My first HuskyCon was in 2007, and I had a blast. The same experience repeated itself in 2008, so there was no way that I was going to miss the 2009 version. At some point in the intervening time, the idea coalesced in my head that it would be a good idea to make the trip down via bicycle. So thumbing my nose at the fickle and horrible New England weather and generally hoping for the best, this is where the story starts.
Prologue: Cambridge to Providence. (6km + train)
An easy day on the train to crash at Brendan Hickey's place in Providence so that I can get off to an early start the following day. We duelled over a couple of games of Escalation Diplomacy, which I'd never tried before. My impression of the two player variant is that it is all over very quickly, with the placement of the pieces determining the outcome given any sensible set of moves.
Stage 1: Providence to New London (95km)
The morning started easily with the flat Washington Secondary Bike Path, fuelled by an enormous breakfast when I stopped to grab a bite to eat. Now I know that America is known for huge servings, but still I did not expect to receive two large plates of food, one containing two large pancakes and the other with a large breakfast in itself.

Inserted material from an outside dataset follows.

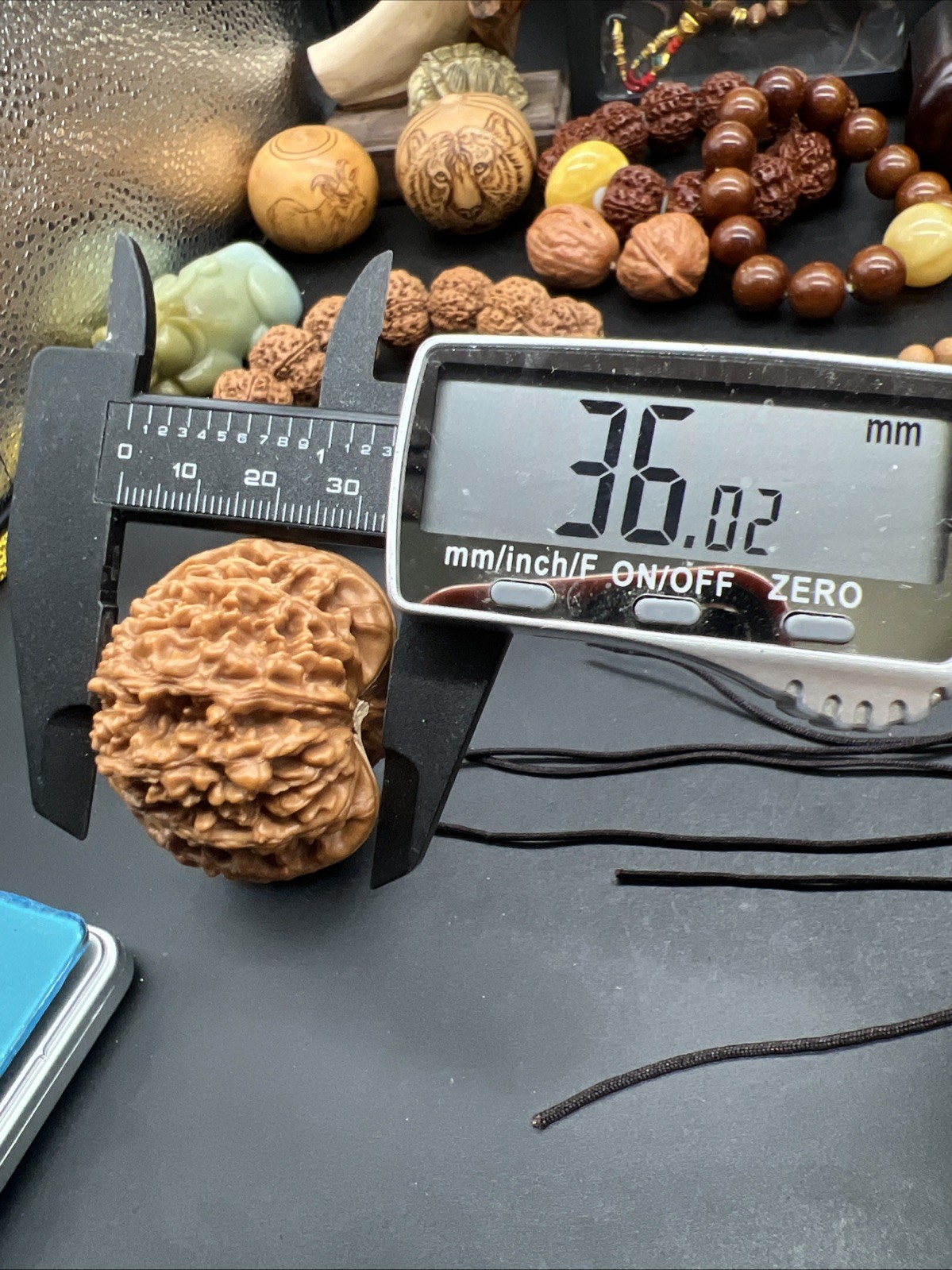 Pair of Match Chinese Health Walnut 41×40×36mm 精配文玩核桃～矮桩满天星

Nevertheless, this food fuelled me as the rolling hills started as I traversed Rhode Island along the most direct route, largely following the I95. The rain starts as I cross the state border into Connecticut, but this is not a problem as the rain is very light. I find the entrance to the (too narrow, not happy) pedestrian/bicycle path on the Gold Star Bridge and cruise into New London mid-afternoon.
At this point, with the rain settling in, I make what I consider a strategic error and find a motel in New London to spend the night. Better would've been to take the ferry to Orient Point on Long Island immediately and stay the night there, saving two hours on the following day. But this was not to be.
Stage 2: New London to the Woodring residence (100km + ferry)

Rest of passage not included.